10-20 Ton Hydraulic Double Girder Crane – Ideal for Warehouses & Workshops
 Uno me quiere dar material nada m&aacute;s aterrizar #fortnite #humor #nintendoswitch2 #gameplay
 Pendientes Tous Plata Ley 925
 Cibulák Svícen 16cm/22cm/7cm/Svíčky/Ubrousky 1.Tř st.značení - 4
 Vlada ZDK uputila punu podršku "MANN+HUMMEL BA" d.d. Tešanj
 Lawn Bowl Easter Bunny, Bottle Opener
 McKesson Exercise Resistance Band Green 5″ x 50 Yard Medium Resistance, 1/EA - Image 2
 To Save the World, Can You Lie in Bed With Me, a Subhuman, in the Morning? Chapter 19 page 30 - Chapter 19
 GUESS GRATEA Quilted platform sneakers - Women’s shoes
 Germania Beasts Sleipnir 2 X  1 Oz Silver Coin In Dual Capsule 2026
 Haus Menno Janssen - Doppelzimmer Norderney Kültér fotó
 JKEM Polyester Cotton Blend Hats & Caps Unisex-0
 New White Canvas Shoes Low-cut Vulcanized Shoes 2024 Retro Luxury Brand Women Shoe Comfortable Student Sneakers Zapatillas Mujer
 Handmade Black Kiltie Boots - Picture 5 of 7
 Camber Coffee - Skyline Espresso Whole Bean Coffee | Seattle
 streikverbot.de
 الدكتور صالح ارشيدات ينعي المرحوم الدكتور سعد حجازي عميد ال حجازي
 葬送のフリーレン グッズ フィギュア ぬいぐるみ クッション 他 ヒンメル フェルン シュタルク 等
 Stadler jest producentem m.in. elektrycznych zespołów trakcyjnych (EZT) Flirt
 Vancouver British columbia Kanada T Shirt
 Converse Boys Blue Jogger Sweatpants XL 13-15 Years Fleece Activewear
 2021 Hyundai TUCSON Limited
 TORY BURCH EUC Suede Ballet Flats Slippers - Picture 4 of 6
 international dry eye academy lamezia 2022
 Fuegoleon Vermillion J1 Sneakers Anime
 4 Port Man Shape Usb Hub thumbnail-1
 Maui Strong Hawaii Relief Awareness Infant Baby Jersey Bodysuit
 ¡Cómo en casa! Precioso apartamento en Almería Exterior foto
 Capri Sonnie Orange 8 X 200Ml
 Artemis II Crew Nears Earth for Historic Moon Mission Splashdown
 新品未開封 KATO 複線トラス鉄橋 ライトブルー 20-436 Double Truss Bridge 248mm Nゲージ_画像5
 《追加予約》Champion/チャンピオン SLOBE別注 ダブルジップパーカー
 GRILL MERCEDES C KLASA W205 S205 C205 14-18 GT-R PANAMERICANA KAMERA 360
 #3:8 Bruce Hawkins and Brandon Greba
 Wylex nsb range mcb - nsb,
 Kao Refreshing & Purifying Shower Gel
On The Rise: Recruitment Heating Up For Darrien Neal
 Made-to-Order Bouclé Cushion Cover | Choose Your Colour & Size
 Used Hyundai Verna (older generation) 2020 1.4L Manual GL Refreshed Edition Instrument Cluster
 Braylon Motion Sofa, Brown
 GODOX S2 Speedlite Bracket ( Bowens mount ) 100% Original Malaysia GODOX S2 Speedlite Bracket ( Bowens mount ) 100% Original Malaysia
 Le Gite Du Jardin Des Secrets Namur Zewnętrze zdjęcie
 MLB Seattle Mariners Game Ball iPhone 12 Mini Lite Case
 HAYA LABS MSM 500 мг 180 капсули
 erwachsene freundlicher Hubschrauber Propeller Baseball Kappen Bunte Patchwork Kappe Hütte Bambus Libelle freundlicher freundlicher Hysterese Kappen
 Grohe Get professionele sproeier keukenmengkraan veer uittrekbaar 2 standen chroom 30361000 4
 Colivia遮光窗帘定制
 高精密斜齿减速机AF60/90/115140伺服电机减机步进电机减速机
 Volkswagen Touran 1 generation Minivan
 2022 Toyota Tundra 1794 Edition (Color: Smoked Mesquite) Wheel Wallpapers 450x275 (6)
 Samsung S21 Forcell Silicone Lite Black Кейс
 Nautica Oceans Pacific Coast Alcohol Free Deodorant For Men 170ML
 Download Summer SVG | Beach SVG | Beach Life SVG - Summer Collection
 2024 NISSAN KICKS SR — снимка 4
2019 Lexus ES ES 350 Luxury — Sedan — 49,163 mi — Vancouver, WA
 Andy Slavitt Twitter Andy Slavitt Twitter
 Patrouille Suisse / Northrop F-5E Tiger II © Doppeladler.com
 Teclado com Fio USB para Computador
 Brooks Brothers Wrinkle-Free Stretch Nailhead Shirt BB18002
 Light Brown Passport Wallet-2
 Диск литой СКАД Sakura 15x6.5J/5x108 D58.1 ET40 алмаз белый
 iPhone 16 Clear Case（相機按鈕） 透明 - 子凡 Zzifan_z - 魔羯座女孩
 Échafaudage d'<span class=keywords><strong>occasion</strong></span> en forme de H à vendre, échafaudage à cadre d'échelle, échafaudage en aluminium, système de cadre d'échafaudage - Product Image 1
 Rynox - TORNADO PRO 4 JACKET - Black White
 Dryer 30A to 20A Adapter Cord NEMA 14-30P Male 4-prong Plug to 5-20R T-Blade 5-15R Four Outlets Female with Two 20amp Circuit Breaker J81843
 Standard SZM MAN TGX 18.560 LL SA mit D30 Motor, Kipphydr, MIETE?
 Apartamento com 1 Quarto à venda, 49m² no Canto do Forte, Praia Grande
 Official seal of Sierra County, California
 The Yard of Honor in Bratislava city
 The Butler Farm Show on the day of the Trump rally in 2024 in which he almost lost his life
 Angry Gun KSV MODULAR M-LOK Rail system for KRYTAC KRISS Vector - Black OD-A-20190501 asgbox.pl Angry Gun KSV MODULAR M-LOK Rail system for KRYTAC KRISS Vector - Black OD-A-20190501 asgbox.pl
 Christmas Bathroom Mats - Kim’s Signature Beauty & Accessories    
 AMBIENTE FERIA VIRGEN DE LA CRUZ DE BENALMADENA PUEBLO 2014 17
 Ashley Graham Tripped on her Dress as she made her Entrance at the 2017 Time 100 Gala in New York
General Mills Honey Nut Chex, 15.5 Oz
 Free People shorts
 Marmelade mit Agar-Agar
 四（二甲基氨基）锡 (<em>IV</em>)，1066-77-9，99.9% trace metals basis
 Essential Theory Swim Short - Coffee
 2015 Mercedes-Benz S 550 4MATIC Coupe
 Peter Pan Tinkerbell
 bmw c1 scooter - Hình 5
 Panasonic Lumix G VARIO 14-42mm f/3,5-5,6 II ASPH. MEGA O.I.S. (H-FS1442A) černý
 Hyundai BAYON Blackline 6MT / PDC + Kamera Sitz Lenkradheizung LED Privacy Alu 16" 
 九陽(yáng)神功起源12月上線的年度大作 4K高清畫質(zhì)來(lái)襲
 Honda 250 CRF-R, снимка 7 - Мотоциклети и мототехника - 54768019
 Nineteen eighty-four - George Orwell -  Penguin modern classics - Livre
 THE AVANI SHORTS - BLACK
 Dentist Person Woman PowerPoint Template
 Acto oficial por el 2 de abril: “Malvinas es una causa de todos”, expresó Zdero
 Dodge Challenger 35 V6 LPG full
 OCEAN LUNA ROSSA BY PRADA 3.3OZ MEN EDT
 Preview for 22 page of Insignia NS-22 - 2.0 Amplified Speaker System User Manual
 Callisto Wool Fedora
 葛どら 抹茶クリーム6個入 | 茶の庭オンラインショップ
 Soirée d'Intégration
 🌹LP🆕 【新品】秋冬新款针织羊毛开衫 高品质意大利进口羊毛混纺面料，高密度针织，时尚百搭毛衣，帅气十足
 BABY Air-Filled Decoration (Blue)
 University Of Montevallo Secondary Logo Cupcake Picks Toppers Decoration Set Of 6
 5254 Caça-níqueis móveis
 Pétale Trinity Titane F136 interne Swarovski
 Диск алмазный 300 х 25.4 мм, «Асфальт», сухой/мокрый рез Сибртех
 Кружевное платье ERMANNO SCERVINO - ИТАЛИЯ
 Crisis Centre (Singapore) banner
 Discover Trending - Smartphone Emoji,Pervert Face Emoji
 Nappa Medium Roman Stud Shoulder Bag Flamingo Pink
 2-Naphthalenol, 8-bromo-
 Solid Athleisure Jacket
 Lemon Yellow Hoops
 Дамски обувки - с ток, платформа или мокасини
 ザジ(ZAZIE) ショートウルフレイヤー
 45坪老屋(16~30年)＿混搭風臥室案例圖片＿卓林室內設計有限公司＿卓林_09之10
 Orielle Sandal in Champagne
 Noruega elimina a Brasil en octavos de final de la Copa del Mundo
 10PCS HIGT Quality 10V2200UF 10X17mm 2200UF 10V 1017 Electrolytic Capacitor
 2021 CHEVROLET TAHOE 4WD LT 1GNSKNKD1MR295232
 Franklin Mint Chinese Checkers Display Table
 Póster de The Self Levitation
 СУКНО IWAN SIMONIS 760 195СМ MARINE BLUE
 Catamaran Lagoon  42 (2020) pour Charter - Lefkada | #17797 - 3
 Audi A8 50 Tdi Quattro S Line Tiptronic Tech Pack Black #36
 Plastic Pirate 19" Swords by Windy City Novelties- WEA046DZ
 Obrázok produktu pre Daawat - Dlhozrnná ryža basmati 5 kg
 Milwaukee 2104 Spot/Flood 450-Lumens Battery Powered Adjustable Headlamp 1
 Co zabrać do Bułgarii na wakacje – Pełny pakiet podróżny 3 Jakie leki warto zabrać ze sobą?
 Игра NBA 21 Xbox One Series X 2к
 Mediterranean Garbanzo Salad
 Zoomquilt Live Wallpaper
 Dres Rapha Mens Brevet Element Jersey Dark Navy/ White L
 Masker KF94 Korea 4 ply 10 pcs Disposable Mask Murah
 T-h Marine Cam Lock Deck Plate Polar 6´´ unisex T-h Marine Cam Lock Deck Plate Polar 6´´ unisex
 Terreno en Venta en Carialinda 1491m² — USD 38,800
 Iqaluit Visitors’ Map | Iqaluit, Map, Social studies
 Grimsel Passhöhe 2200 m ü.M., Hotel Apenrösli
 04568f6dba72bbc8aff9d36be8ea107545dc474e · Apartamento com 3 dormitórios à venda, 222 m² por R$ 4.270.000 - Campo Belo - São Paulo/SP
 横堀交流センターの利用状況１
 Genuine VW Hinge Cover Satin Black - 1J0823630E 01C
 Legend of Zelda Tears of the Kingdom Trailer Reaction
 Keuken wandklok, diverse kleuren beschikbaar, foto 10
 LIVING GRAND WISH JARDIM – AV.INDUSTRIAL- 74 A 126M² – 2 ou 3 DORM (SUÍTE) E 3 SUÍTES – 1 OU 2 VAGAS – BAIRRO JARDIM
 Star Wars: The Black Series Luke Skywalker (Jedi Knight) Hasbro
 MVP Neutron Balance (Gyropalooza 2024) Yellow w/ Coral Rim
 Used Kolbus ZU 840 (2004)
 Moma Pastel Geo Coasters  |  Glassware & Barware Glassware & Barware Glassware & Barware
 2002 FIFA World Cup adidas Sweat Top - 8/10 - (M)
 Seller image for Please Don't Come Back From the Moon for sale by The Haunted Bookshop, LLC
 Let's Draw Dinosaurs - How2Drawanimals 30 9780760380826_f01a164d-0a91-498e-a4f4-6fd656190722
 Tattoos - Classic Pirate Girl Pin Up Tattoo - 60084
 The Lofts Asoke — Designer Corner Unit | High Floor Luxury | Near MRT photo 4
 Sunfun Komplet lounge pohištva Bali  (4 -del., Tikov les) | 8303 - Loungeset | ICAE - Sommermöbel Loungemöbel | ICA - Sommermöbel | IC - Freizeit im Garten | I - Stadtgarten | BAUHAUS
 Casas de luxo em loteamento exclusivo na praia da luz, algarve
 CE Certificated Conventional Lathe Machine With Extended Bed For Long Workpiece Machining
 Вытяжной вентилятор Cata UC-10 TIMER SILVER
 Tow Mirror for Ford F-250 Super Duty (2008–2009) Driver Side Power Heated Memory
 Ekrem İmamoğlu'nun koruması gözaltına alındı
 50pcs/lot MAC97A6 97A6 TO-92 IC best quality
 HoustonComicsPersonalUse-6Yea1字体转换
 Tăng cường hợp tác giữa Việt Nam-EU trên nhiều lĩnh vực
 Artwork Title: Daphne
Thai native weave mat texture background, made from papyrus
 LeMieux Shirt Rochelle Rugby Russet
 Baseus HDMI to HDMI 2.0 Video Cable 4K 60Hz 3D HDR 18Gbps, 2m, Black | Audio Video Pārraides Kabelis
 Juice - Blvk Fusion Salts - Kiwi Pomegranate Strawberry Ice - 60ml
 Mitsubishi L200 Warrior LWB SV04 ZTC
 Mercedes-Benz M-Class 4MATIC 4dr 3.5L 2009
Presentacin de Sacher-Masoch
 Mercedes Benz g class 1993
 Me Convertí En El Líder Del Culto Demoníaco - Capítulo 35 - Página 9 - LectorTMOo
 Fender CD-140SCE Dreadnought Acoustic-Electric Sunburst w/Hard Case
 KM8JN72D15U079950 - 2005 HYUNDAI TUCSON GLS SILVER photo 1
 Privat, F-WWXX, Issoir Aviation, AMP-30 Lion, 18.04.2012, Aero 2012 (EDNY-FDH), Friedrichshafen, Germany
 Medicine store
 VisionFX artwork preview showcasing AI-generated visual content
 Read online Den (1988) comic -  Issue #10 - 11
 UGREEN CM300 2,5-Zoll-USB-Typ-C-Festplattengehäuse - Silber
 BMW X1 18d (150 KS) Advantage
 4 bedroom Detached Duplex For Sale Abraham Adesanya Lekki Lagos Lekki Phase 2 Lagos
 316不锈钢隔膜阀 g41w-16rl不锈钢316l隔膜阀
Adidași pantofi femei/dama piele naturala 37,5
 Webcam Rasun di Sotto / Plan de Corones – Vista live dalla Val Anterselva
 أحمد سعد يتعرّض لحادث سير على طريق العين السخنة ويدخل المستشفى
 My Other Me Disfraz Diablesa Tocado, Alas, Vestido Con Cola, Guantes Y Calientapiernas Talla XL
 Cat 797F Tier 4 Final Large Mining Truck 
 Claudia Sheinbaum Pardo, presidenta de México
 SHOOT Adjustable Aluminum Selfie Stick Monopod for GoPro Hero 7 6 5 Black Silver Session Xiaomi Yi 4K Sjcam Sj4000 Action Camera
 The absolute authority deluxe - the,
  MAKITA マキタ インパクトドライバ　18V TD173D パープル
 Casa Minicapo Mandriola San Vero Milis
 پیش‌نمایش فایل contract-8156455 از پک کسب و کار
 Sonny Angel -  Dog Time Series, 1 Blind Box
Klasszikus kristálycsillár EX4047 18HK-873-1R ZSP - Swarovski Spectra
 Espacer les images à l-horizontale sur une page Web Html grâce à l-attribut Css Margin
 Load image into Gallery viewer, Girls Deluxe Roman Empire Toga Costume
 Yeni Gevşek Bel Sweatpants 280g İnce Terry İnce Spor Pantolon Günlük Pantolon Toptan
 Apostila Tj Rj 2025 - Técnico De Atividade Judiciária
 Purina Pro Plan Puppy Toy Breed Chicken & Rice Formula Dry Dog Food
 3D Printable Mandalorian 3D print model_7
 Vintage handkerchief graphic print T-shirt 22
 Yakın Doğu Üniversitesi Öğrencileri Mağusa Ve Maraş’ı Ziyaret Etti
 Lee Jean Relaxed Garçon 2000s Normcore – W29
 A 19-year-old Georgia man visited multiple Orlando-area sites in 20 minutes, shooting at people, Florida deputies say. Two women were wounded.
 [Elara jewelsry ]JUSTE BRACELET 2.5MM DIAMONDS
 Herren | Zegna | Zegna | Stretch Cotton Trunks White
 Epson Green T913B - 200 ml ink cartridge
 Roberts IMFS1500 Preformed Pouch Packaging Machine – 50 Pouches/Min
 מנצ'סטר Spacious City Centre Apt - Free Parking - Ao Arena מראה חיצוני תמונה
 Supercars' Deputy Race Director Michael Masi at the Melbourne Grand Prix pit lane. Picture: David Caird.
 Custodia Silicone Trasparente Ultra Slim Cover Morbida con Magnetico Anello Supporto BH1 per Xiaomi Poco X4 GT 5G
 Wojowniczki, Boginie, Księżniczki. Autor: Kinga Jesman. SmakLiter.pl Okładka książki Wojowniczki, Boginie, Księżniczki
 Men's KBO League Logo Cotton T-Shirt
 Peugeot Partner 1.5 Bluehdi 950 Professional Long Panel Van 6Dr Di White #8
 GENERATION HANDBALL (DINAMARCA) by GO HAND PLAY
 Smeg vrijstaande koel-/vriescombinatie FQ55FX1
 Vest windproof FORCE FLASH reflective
::::::::
**Problem to solve:**
Above are the records; from them, give again exactly the lines from the one containing "Acto oficial por" through the one containing "BABY Air-Filled Decoration (Blue)", both included.

**Final answer:**
 Acto oficial por el 2 de abril: “Malvinas es una causa de todos”, expresó Zdero
 Dodge Challenger 35 V6 LPG full
 OCEAN LUNA ROSSA BY PRADA 3.3OZ MEN EDT
 Preview for 22 page of Insignia NS-22 - 2.0 Amplified Speaker System User Manual
 Callisto Wool Fedora
 葛どら 抹茶クリーム6個入 | 茶の庭オンラインショップ
 Soirée d'Intégration
 🌹LP🆕 【新品】秋冬新款针织羊毛开衫 高品质意大利进口羊毛混纺面料，高密度针织，时尚百搭毛衣，帅气十足
 BABY Air-Filled Decoration (Blue)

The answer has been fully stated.